Llama la atención el que un funcionario estadunidense haya presentado como intervencionista sin usar precisamente ese término el acuerdo casi unánime de la Organización de Estados Amercanos (OEA) contrario a la ley Helms-Burton. Llama la atención, porque precisamente esa ley es la más reciente muestra de intervencionismo.
Esa ley sanciona a empresas de terceros países que comercien con Cuba, o inviertan en ella, bajo ciertas condiciones. Pretende imponerse, siendo una ley interna de Estados Unidos, a cuestiones que en todo caso están en el ámbito de las relaciones entre Inglaterra y Cuba, entre Canadá y Cuba, entre México y Cuba, etcétera... De por sí las medidas recientes y anteriores, aun si sólo afectaran a Cuba que no es el caso de ahora, serían intervencionistas al pretender imponer a un país las decisiones de otro. Con mayor razón lo es una medida que, de paso, pretende llevarse entre las patas a todo el que andaba pasando por allí. De ahí que, por primera vez en la historia de la OEA, al menos hasta donde tengo presente, haya habido una votación contraria a una medida adoptada en Estados Unidos, con el único voto en contra de la representación de este mismo país. Es más, incluso dentro de Estados Unidos, la línea del actual gobierno había sido de una mayor apertura en las relaciones con Cuba, y el viraje a firmar la citada ley, después de haberla criticado, fue reciente. El pretexto fue el derribo de naves que llegaron a Cuba a lanzar volantes, o algo así, pero el contexto muestra que el viraje no sólo se da en lo de Cuba, sino por ejemplo en el trato a los migrantes, y que todo ello se explica por la coyuntura electoral del vecino país. Ojalá que pasada esa coyuntura pueda volverse al cauce de una relación más respetuosa.
Para México y los mexicanos esta experiencia no sólo vale en la forma más inmediata y evidente, de buscar defenderse de los efectos de esa medida y evitar que se nos impongan directrices contrarias a nuestro propio interés, además de afectar a otros. Es obvio que esas medidas defensivas son correctas. Pero, además, es un hecho que la amenaza de esa ley, desde antes de que entre en vigor, ya logró que cediera Cementos Mexicanos (Cemex), cuarta empresa cementera del mundo. Vale la pena pensar un poco más sobre lo que hasta hace poco se consideraron verdades absolutas, tomando la globalización como pretexto para suprimir por lo menos algunas de las expresiones de nuestra identidad nacional.
Con el Tratado de Libre Comercio y otras acciones de apertura económica, se llegó a decir que la defensa de la identidad nacional debía confinarse a los planos de la cultura, del lenguaje y tal vez otros, porque la economía ya estaba globalizada y en ella no había nada que hacer al respecto.
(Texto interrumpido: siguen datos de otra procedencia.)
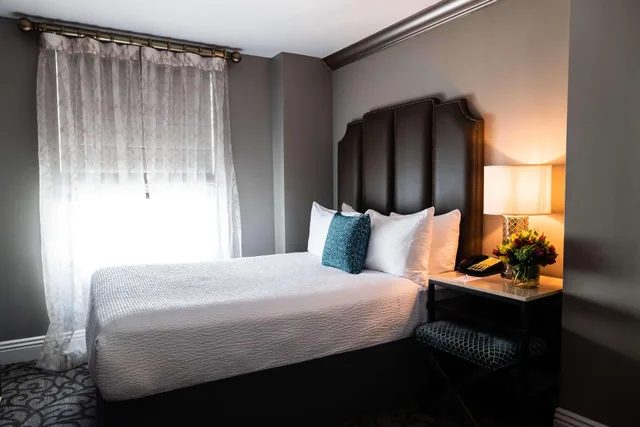 غرفة سوبيريور بسرير كوين، Bijou Hotel 2/4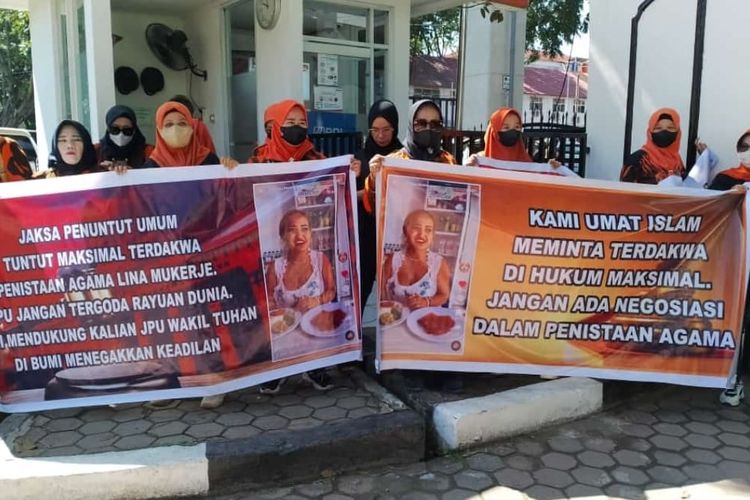 Puluhan Emak-emak Minta Pengadilan Tuntut Maksimal Lina Mukherjee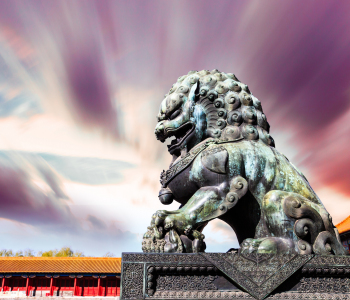 Eine Bronzestatue eines Löwen in der verbotenen Stadt in Peking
Experiencias como la presente deben motivarnos a reflexionar sobre esto.
No se trata de encerrarnos, como luego se dice como si fuera la única otra posibilidad, en una muralla china y aislarnos. Las murallas ahora se construyen desde el norte, en la frontera. Pero sí debemos comprender que nuestra economía y nuestra planta productiva deben depender, ante todo, de nuestro mercado interno. Ese mercado interno, cuando ha estado sano, ha sido incluso un gran atractivo para la inversión extranjera. Está bien exportar los excedentes, pero que la exportación no sea una fuente de dependencia, a través de la cual se nos imponga toda una política.
Una política económica que privilegia exclusivamente al sector exportador, mientras que el mercado interno sigue deprimido, no funciona en el mundo verdaderamente actual. Somos demasiados para ser un país maquilador, y no sólo en número de personas. Somos una nación demasiado integrada como tal, con una identidad demasiado sólida. Por un lado, 90 millones de mexicanos no vivimos de la maquila. Por otro, este país tiene una existencia propia, no sólo en lo social, en lo cultural, en lo político, sino también en lo económico. Cierto es que la apertura económica inmoderada ha terminado con miles de empresas, pero no ha anulado la existencia económica propia de este país.